One of the foreign policy strategies Kissinger repeats again and again is the policy of linkage. In theory, the strategy is reminiscent of the quid pro quo. Strategy is linked with substance. When Nixon entered office in January 1969, the United States did not recognize the People’s Republic of China; never had a summit with the Soviet Union; and the Vietnam War had cost the nation blood, treasure, and unity. Amidst these foreign policy challenges, Nixon pledged to end the war in Vietnam and bring “peace with honor.”
In 1969, a foreign policy opportunity presented itself. Along the extensive Soviet-Chinese border, military clashes took place. Kissinger saw this as an opportunity to play the Communist giants off each other. It was a daring move that would have consequences for several foreign policy challenges already in motion: the Vietnam War (North Vietnam funded by the Soviet Union), the Strategic Arms Limitation Treaty (SALT), West Germany’s Ostpolitik (normalizing borders and treaties with the Eastern Communist bloc), and the Soviet military presence in Egypt (a consequence of the Six-Day War in 1967). Hence, a thousand-plus pages of self-justification, evasion, government jargon, and memoranda excerpts. Whether one thinks of Kissinger as war criminal, elder statesman, or some combination of both depends on the political stripe of the reader.
Once China opened, the United States could use the relationship as a wedge between Communist giants. The gambit represented great risk to the Nixon Administration, especially alienating the Right and jeopardizing his chances for re-election. After a career as a Red-baiter, it must have struck the die-hards of the Right as treasonous and offensive to court China, especially after the carnage wrought by the Cultural Revolution. Nevertheless, anyone familiar with the history of the American foreign policy must conceded that ideological differences take a back seat to the amoral engine of self-interest. China astutely recognized the needs of the United States and integrated into their own specific foreign policy requirements. Today the United States lives with the consequences of opening China, for good or ill. One only needs to look where most of their products are made and thank Kissinger for his contributions.

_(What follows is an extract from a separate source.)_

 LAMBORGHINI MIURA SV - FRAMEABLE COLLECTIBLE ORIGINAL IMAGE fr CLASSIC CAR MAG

Fascists and Despots; Communists and Tyrants
In White House Years, the reader encounters numerous foreign dignitaries, powerful leaders, and charismatic individuals via Kissinger’s many meetings at home and abroad. Most meetings come off as procedural and drab; conversations focusing on this or that technical detail. Kissinger encounters Fascists, despots, Communists, and tyrants. Depending on the situation, the aforementioned human rights violators may be either friend or foe. During the Cold War an ally’s human rights record or violations of democracy became forgotten in the global chess game. This explains the United States rich history of friendship with Iran and Spain and antipathy towards Cuba and China.
Following the China summit, Nixon and Kissinger met the Shah of Iran. While Kissinger lavishes praise on Mohammad Reza Shah Pahlavi, he comes across like a cross between Tsar Nicholas II and Little Lord Fauntleroy. A man of gentle nature and buffeted by the great events surrounding him, he was greatly dependent on American military and economic aid. Unfortunately, Shah Pahlavi’s over-dependence on foreign largesse made him a weak ruler. A pawn in a blockade containing Soviet expansionism, when the Iranian people overthrew his tyrannical rule, the United States broke off relations while the nascent democracy slid into the muck of theocracy and extremism. The taking of American hostages did not help the situation, but it brought up a dangerous question: Why are nations that instigate regime change on their own vilified while nations overly dependent on American aid transform into weak governments? National self-determination is in the best interests of the United States, except when it is not.
During another world tour, Kissinger meets Generalissimo Francisco Franco. Franco and his Fascist cadres won the Spanish Civil War in the Thirties with the military aid of Nazi Germany. In the Seventies, Franco remained a political relic, a sclerotic dictator, albeit a useful one in the goal of a global anti-communist crusade. Ironically, East Germany called the Berlin Wall the Anti-Fascist Protection Wall.
“In the Seventies, many reacting by rote found it hard to admit that Spain was far less repressive than any Communist state and than most of the new nations.” By that reasoning, Kissinger would not have had any problem with a National Socialist Germany, since the Germans were less repressive, numerically, than the USSR. Only a few paragraphs on Kissinger will take credit for assisting in Spain’s tradition to a democracy. Yet the bad taste remains, an American conservative rubbing elbows with an aged Fascist.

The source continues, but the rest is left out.